The meeting ends with a mutual round of applause and then we open some beers and bottles of wine and people mill around and chat about the things they have seen and compare notes. And more often than not the celebration continues into the evening at a local pub…
Sprint review presentations and FutureLearn Talks
The spirit of sprint review is about demoing, showing, telling and proudly celebrating achievements and, sometimes, failure (you can learn a lot from failure). Each update should be five minutes or less to give everyone from across the team a chance to highlight the great things happening in their area. It’s important for sprint review to include as many voices from around the company as possible.
Sometimes people have things that need a bit more time to explain and more time for questions. With these things we normally spin them off into a FutureLearn Talk. We’ll be blogging about FutureLearn talks soon.
Why is Sprint review important?
One of our values is “Always learning”. Sprint review is another way to learn, and perhaps most importantly it’s about learning and appreciating what other members of the team do.

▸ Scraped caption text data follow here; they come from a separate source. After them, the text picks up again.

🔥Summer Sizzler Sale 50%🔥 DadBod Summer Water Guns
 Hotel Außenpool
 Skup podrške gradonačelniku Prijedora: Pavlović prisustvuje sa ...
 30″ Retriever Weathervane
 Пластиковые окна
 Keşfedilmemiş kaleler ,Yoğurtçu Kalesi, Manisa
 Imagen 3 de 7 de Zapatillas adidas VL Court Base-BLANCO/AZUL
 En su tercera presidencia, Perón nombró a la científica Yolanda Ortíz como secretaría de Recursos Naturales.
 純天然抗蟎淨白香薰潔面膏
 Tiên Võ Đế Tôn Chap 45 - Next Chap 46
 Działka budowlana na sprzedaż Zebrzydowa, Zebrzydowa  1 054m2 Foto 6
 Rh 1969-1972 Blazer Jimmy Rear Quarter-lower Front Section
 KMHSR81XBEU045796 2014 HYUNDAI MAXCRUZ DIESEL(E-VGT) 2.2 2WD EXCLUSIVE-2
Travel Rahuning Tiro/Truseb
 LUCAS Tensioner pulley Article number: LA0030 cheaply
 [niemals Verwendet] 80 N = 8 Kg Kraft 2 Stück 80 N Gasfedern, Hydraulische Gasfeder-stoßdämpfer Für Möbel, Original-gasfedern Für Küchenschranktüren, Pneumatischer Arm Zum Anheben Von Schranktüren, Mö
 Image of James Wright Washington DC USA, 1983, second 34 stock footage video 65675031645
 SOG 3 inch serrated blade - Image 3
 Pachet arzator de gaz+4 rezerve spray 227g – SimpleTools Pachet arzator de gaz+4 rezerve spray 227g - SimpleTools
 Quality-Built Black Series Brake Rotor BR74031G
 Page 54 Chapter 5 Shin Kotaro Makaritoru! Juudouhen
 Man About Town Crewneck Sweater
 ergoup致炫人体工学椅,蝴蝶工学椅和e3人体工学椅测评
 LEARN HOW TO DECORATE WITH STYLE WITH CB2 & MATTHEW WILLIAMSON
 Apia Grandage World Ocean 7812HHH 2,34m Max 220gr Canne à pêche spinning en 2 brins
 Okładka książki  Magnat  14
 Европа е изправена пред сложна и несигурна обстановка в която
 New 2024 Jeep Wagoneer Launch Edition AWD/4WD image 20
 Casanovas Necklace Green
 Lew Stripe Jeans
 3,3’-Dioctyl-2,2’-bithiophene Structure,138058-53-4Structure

It’s about creating a team spirit and a sense of collaboration, making sure everybody is aware of what’s going on and giving them the opportunity to give feedback on or get involved in projects.
Celebration is part of our product vision as we know that making learning visible, encouraging people to reflect on their achievements and share them with others motivates them and makes them better at what they do. At FutureLearn we try wherever possible to live our values. Celebration is part of the product vision and sprint review a very tangible and important realisation of that.